When applied to the complex microbial community of the rumen, the thermosome PCR detected the same major species as the 16S rRNA gene and mcrA PCR protocols: Mb. smithii, Mb. ruminantium and Ms. stadtmanae (Table 2). The species of methanogens detected in this study were expected, with many of them previously reported from ruminants (Tatsuoka et al., 2004; Wright et al., 2004, 2007; Denman et al., 2007). Interestingly, the pyrosequencing library contained three apparently non-methanogen thermosome sequences (Table 2). These sequences were too short for inclusion in the phylogenetic analysis; however, their observation is consistent with reports that non-methanogenic Archaea exist as part of the rumen community (Shin et al., 2004; Wright et al., 2007). Examination of the sequences classified as Mb. smithii by each target gene illustrated differing degrees of strain variation within this species (Figure 4). There was an average of 98% pairwise identity between Mb. smithii-like 16S rRNA gene sequences. Conversely, thermosome α and β subunits shared only 82% and 85% pairwise identity within each of the α and β subunits, respectively, with further subgroupings within subunits apparent in the phylogenetic tree (Figure 4c). Whether these subgroups represent ecotypes, as has been shown for cpn60 ecotypes (Vermette et al., 2010), is an area for future study.

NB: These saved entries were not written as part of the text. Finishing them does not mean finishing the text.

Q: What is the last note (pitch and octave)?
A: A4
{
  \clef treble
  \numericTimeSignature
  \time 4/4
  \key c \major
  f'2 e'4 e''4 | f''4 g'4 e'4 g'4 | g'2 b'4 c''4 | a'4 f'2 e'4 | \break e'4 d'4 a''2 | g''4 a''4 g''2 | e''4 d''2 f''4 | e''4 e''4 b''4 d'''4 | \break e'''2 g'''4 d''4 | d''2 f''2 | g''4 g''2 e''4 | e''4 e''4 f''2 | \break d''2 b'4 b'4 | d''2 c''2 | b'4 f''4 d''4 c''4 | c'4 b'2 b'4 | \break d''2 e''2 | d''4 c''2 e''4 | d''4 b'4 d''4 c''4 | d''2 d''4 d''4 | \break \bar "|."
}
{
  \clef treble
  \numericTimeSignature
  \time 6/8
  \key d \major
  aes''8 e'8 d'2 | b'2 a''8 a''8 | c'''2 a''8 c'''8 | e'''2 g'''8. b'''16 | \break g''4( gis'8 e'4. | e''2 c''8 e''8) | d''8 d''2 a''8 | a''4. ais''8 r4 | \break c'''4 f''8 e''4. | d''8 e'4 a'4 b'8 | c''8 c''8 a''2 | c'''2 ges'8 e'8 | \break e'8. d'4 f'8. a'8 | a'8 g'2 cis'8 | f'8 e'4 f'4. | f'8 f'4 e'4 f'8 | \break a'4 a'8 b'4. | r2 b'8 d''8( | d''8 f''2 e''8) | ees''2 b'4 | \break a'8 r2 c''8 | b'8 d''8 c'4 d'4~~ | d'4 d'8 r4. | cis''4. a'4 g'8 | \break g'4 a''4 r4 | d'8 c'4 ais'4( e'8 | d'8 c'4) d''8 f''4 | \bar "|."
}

Our results demonstrate that (1) the thermosome gene and portions thereof can be taxonomically informative and are more diverse than 16S rRNA gene sequences; (2) a ‘universal’ PCR protocol could be designed to target the thermosome gene; (3) thermosome ‘universal’ PCR performed comparably to established 16S rRNA gene and mcrA gene ‘universal’ PCR protocols for the detection of archaeal members within rumen communities, while yielding greater sequence diversity. The advantage of the thermosome system is in its combined broad domain specificity and its superior discriminating power. The relatively homogenous length of the thermosome UT simplified bioinformatic analyses and the availability of a curated collection of thermosome sequences (in cpnDB) facilitates the application of thermosome sequences to metagenomic and phylogenetic studies. The occurrence of multiple subunits results in more complex profiles from community samples than those obtained with 16S rRNA gene or mcrA, which is potentially an advantage since these more complex profiles may make for more robust diagnostics. Currently, the ability to identify thermosome paralogues in communities containing poorly characterized, uncultured Archaea is limited by the lack of complete genome sequences for reference. However, given the rapid pace of accumulation of genomic and metagenomic sequence data from environmental Archaea, this limitation will likely be short lived. Meanwhile, the method described here can be implemented for the identification and phylogenetic placement of archaeal isolates, the development of species-specific detection and quantification methods and the characterization of archaeal communities.